Not surprisingly, growth doesn’t happen in the weeds. And yet that’s exactly where many of us find ourselves. Sent there by tragedy, crisis, relationships, and even complacency- almost any life or work event can serve as a trigger.

Over the years, I have developed an acute sensitivity to the weeds. I experience them as creeping vines, wrapping around our ankles or torsos. I can often sense their shadow as they approach- thoughts of self-doubt or defensiveness, a tightening in the throat or stomach. And in others, they manifest as a darkness, draining both energy and light.

From a cognitive standpoint, the weeds represent the lowest levels of our thinking. Laden with details and context, they keep us trapped in our emotions with little room for reflection or insight. But if we are able to leave the weeds behind, we can travel higher in our systems, entering a universe of concepts and ideas. Unlike the closely knitted tangles of emotions, these constructs are expansive and dynamic, able to be nested, stacked, and rearranged as we build and reconfigure our understanding of ourselves, our work and our worlds.

The cognitive differences between the weeds and higher thinking cannot be exaggerated. It’s like comparing the most innovative playground to the rings of Hell. But escaping from the weeds is neither easy nor intuitive. By definition, it involves getting away from danger but also finding something  safer. In simple terms, breaking free from the emotionality of the weeds is only part of the solution. We must at the same time embrace the benefits of higher thinking, pulling ourselves upward through textured goals, commitments, and thought patterns. Imagine yourself on a climbing wall, searching for constructs to grab onto as you lift your feet higher.

The good news is that it’s all within our reach, and interest in this new frontier seems to be building. With every month, I’m being asked to speak about these and strategies with increasing frequency and enthusiasm. From companies wanting to provide their associates with tools to reach and dream higher, to women looking for opportunities for advancement, and organizations focused on community impacts, we seem to be collectively yearning for growth and expansion. Perhaps this is an area that is ready to be developed and cultivated. Perhaps the time has finally come for cognitive redesign.

As someone who has studied and thought about these ideas for over thirty years, I am excited and eager to share my strategies and insights. But I am also mindful of the paradigm shift that this approach represents. I’m curious to hear my readers’ thoughts and feedback. Does this notion of the weeds resonate with you? And are we really ready to embrace a more generative approach to growth and advancement?

Welcome to My Workshop

My 6-year old has a workshop in her head. She told me about it the other day. I was so impressed and excited for her that I decided to create one of my own.

Natalie’s workshop has lots of different rooms. Her favorite is a screening room that can play any movie or TV show that she’s ever seen.

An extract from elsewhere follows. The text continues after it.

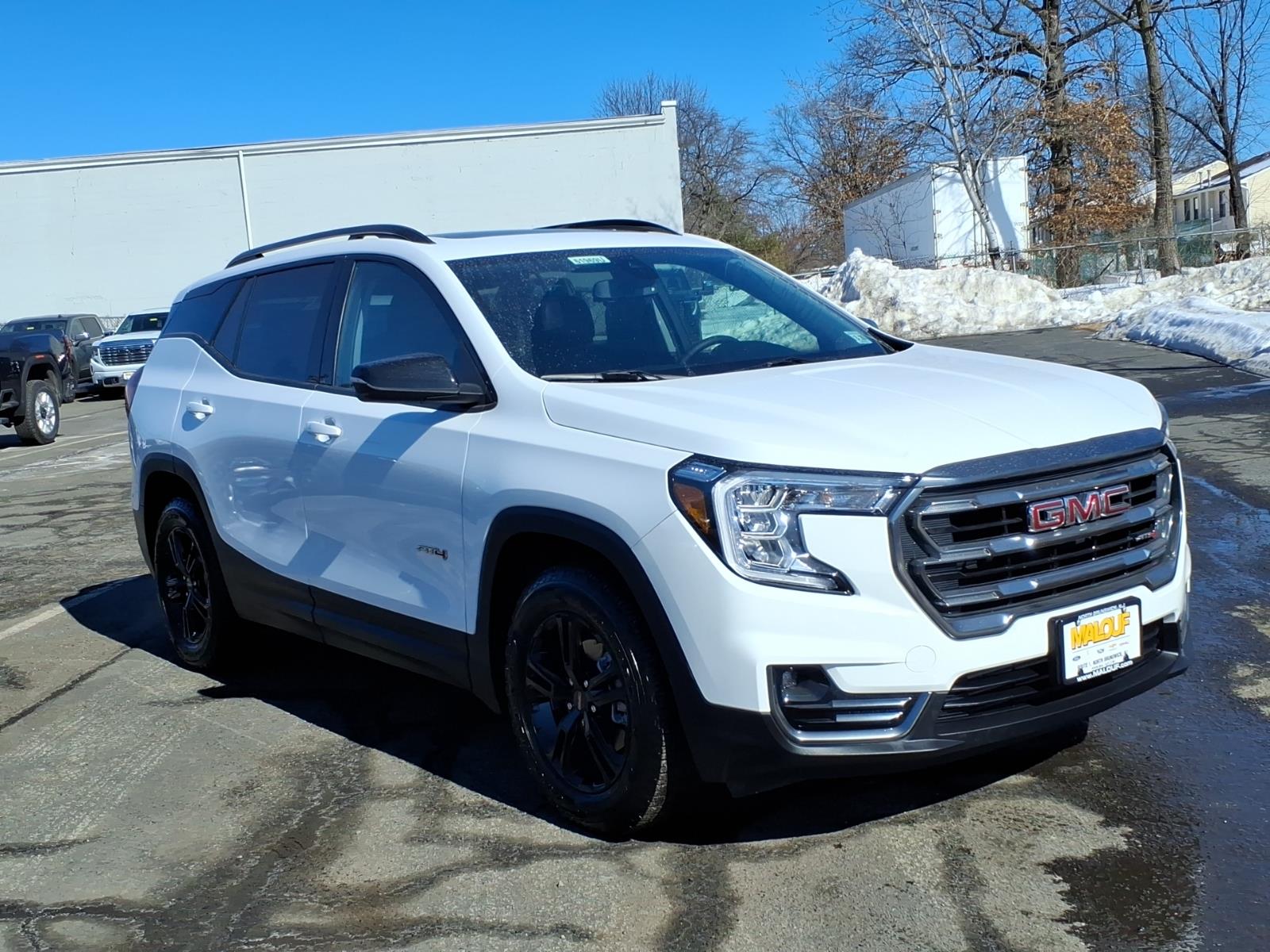 2023 GMC Terrain AT4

When she’s bored or not allowed to watch television she lies in her bed or pretends to read, and then watches her favorite shows, either from the beginning or just the good parts.

Natalie also has an animal room. Since she loves all animals, this room is very crowded. In it she cares for and plays with puppies, bunnies, and all the cutest babies, but she also sometimes tames the wild animals that nobody likes or wants.

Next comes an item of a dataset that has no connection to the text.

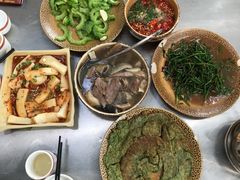 -汤锅大王(新平曹苏黄牛汤锅有限公司)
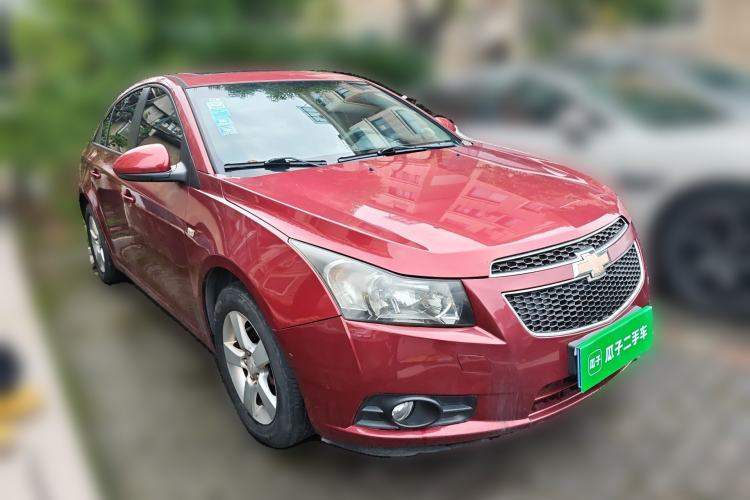 Used Chevrolet Cruze 2013 1.6L SE AT Front Right 45 Deg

Natalie has other rooms in her workshop but they’re not as interesting. She prefers to spend her time with movies and animals, but perhaps someday that will change. Since her workshop is a mansion there are endless rooms to visit, and she can organize them as she likes or add new rooms as she goes.

Hearing Natalie talk about her workshop is a gift in itself. She speaks with such pride and a sense of knowing- both in terms of the reality of her workshop but also the knowledge that I get it, and her, and that I will always share in her excitement and be worthy of her secrets.

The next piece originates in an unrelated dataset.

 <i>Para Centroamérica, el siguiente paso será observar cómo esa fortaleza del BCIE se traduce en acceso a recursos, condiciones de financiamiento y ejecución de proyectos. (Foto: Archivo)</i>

I certainly do get the wonderment that comes with appreciating one’s cognitive capacities and the unlimited possibilities they afford. Although I can’t remember when I first came to my own realization, I continue to be amazed almost on a daily basis.

In some ways, writing my blog has become my own mental workshop. I am able to notice patterns or recognize challenges and then delve into drawers of past observations or theories, weaving together ideas and constructs, and sharing as posts. Doing so allows me to clear my mind and be more present, enjoying my experiences and those with whom I interact, at home, at work, or out in the world.

Like my daughter, I am grateful that I can share my workshop with others who are worthy of my trust. I suppose all workshops are inherently intimate spaces, since our minds focus on what is most precious and dear. It is perhaps through our workshops that we play out our dreams and provide our souls with what they crave.

My Natalie knows so much for a six year old. She seems to know that life is magical and that she has all that she needs to nurture her gifts and dreams. She knows that while she can take comfort in her workshop she can play out her dreams within real life, when she is ready, at her own pace.

I hope that I will continue to be invited to Natalie’s workshop. And I hope that you will continue to visit mine.